Kalangan Syafi’iyyah telah menyatakan dengan jelas bahwa bolehnya ini dengan syarat tafsirnya lebih banyak dari Al Qur’an, karena tidak ada unsur merusak keagungannya pada saat itu, dan tidak juga tidak bermakna mushaf. Tapi Hanafiyah berbeda dalam hal ini, mereka mewajibkan berwudhu’ untuk menyentuh kitab-kitab tafsir”. Selesai.
Syeikh Ibnu Utsaimin –rahimahullah- berkata: “Dan adapun kitab-kitab tafsir maka boleh disentuh (tanpa wudhu’) ; karena dianggap sebagai tafsirannya, dan ayat-ayat yang ada di dalamnya lebih sedikit dari tafsirnya yang ada di dalamnya.
Dan yang mendasari hal ini adalah Nabi –shalallallahu ‘alaihi wa sallam- menulis surat kepada orang-orang kafir, di dalamnya ada ayat-ayat Al Qur’an, maka hal itu menunjukkan bahwa hukumnya menurut kebanyakan dan mayoritas. Adapun jika tafsir dan Al Qur’annya sama seimbang, maka jika yang dibolehkan bertemu dengan melarangnya, dan ia tidak bisa membedakan salah satu dari keduanya dengan penguat, maka dominan dihukumi sebagai Al Qur’an.

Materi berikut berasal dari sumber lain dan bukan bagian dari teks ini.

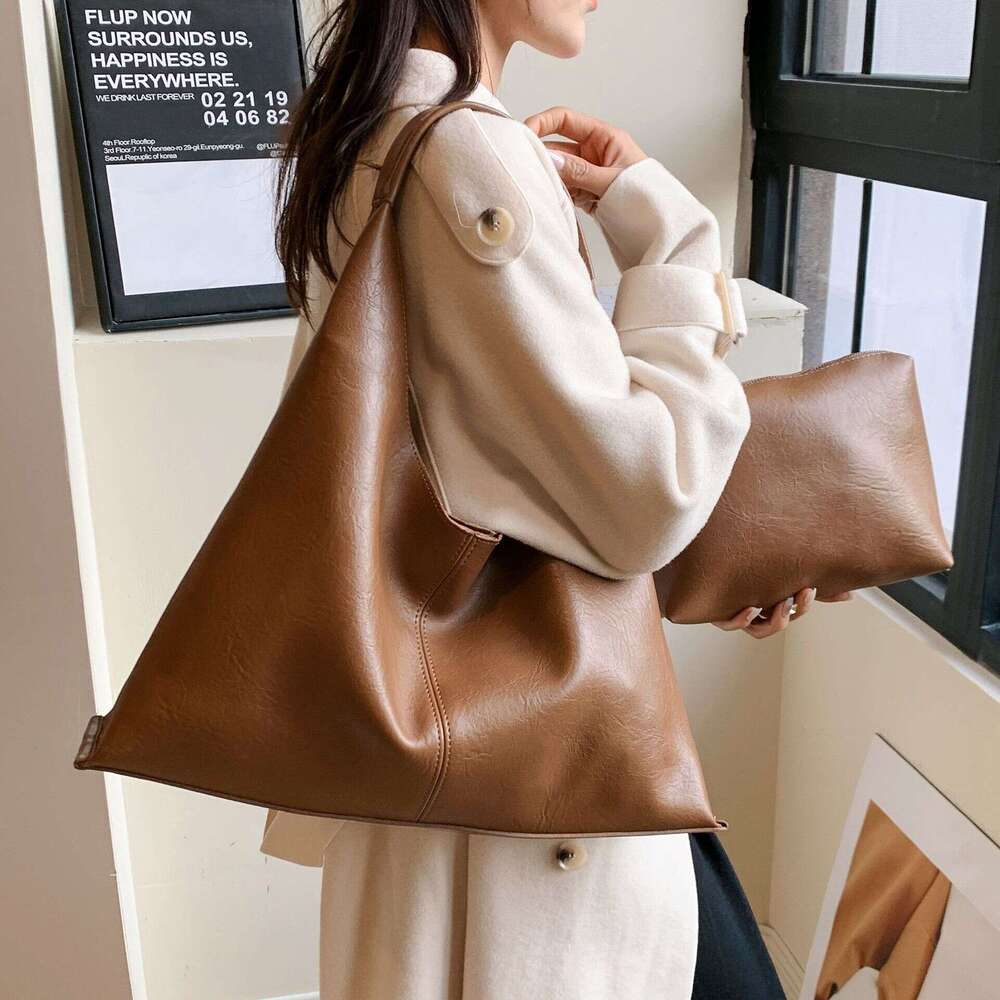 Tote Bags for Women PU Leather Tote Purses Handbags Medium Top Handle Satchel Shoulder Bag Large Capacity Armpit Autumn Basket Soft Surface Simple Sho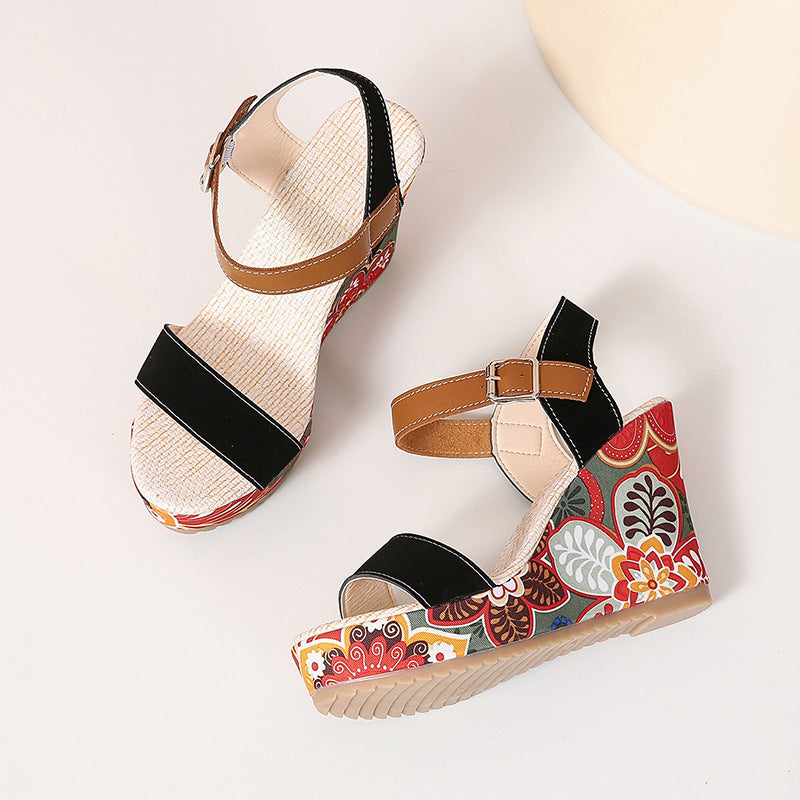 Damen Keilsandalen Blumen | Plateau Schnalle Sommer Schuhe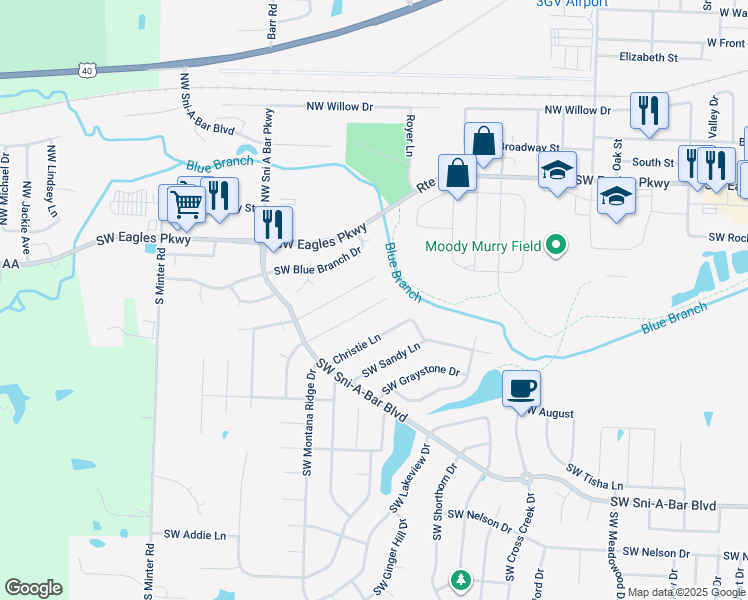 map of restaurants, bars, coffee shops, grocery stores, and more near 1042 Ephraim Drive in Grain Valley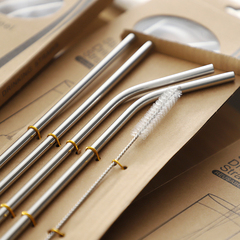 批發便攜304不鏽鋼吸管家用珍珠奶茶粗飲管套裝組合金屬非一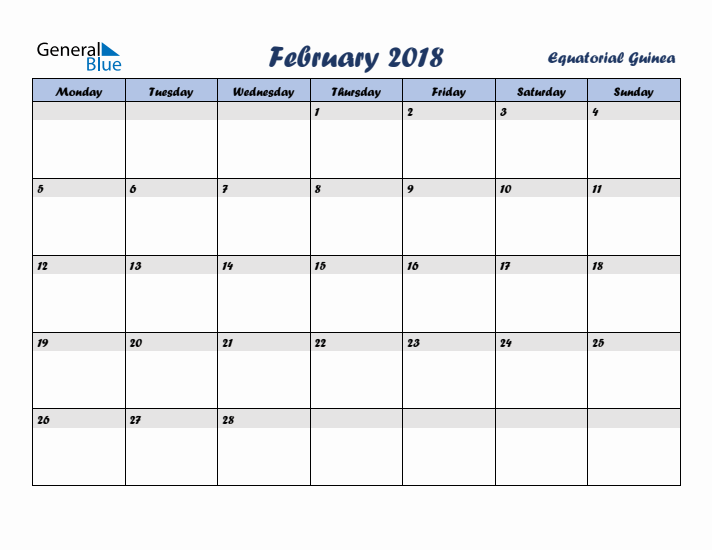 February 2018 Calendar with Holidays in Equatorial Guinea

Dan jika tafsirnya lebih banyak, meskipun dengan jumlah sedikit maka diberikan hukum sebagai tafsir”. Selesai. (As Syarhu Al Mumti’: 1/267)
Dan telah ada di dalam Fatawa Lajnah Daimah: (4/136): “Dibolehkan menterjemah makna Al Qur’an dengan bahasa selain bahasa Arab, sebagaimana dibolehkan mentafsiri maknanya, dengan bahasa Arab, dan hal itu menjadi penjelas untuk makna yang telah difahami oleh si penerjemah Al Qur’an, dan tidak bisa disebut sebagai Al Qur’an.
Dan karennya seseorang boleh menyentuh terjemah makna Al Qur’an dengan selain bahasa Arab dan tafsirnya dengan bahasa Arab, sementara ia dalam kondisi belum wudhu’”. Selesai.